Arduino and the evil print statement

freakduino_chibi-thumb-505x579-58708I finally got around to reading Akiba’s excellent blog article entitled Intermittent Bugs and How to Strike Fear In the Heart of Experienced Devs, and this statement jumped out at me:

It just so happens that print statements in the Arduino library use an interrupt service routine and since the AVR doesn’t allow nested interrupts, any interrupt must wait until the current interrupt is finished before being serviced.

In short, one should never issue a print statement from within an interrupt service routine on the Arduino platform.  This implementation was the root cause of a rather nasty hanging bug in Akiba’s ChibiArduino product, and it was a tricky one to track down.
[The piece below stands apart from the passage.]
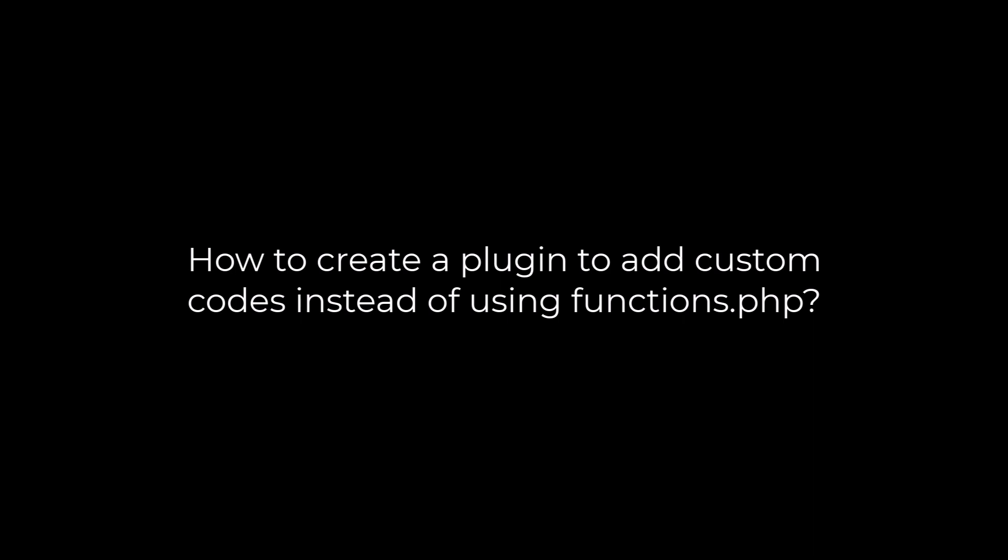Greetings everyone. In this video we will quickly learn how you can create a plugin to add custom codes instead of using the functions.php. Let's get started. For more WordPress content please subscribe to our channel and press the bell icon.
I’ve been working with Arduino for a few years now, and time and time again I’ve run into odd problems which were ultimately traced down to serial.print().  Timing glitches, random lockups, and other bizarre behaviors were all ultimately caused by relying on print statements to provide status during development.  Serial buffer overflows are a huge issue – it’s really easy to cram more data into the UART than the receiving end is able to handle, especially at low baud rates.  The default 9600 baud setting certainly exacerbates this issue; bumping this up to 115200 often avoids the lockup-causing buffer overflow but can introduce other odd timing issues.

As Akiba alludes to in the aforementioned article, it is often safer to toggle or pulse a debug pin to externally monitor events.  This technique is very helpful for measuring time consumption for a block of code – toggle the pin high at the beginning of the block of code to measure (preferably by directly manipulating port register bits – Arduino’s digitalOut() is horrifically inefficient) and toggle it low at the end of the block.  Monitor this pin on your oscilloscope to measure the time.

A couple of pearls of wisdom to pass along:

  • Keep ISR implementations as short as possible.
  • Do not perform expensive operations (eg, logging, printing, etc) within an ISR.
  • If you find your Arduino code hanging randomly, print statements may be to blame.
  • If you do use Arduino Serial.print(), set the baud rate as high as possible.

Recently I’ve found myself working less and less with the Arduino environment and moving more towards direct AVR development.  Arduino is a double-edged sword – lots of libraries and community support, but the indirection and abstractions offered by the platform often come at a high price.

 

Driving Cheap EBay OLED Displays With Arduino

Kozig OLED DisplayOver the last couple of years I’ve picked up a few little 128×64 OLED displays, mostly through EBay auction sniping.  These displays are similar to those offered by Adafruit, likely using the same chip-on-glass (COG) OLED display with a SSD1306 controller.  The Adafruit version gives you direct access to the controller, so the SSD1306 datasheet is all you need to write a driver.  In fact, Adafruit has released a perfectly adequate driver for their offering; it’s available from the link shown above.  For some reason, however, the designer of the displays that I purchased decided to put their own microcontroller between the exposed I2C bus and the SSD1306.  The only feature that I’m aware of which utilizes this intermediate microcontroller is an 8×16 font; devices using these displays would require a bit less memory, as the font is stored on the display itself.  Other than this rather dubious advantage, the controller is more hindrance than help.  Adding insult to injury, the command set for the display is completely undocumented; the only information I was able to find was a rather spartan Arduino sample application.  Contacting the EBay sellers failed to bear fruit.  They are completely clueless regarding how to drive the display.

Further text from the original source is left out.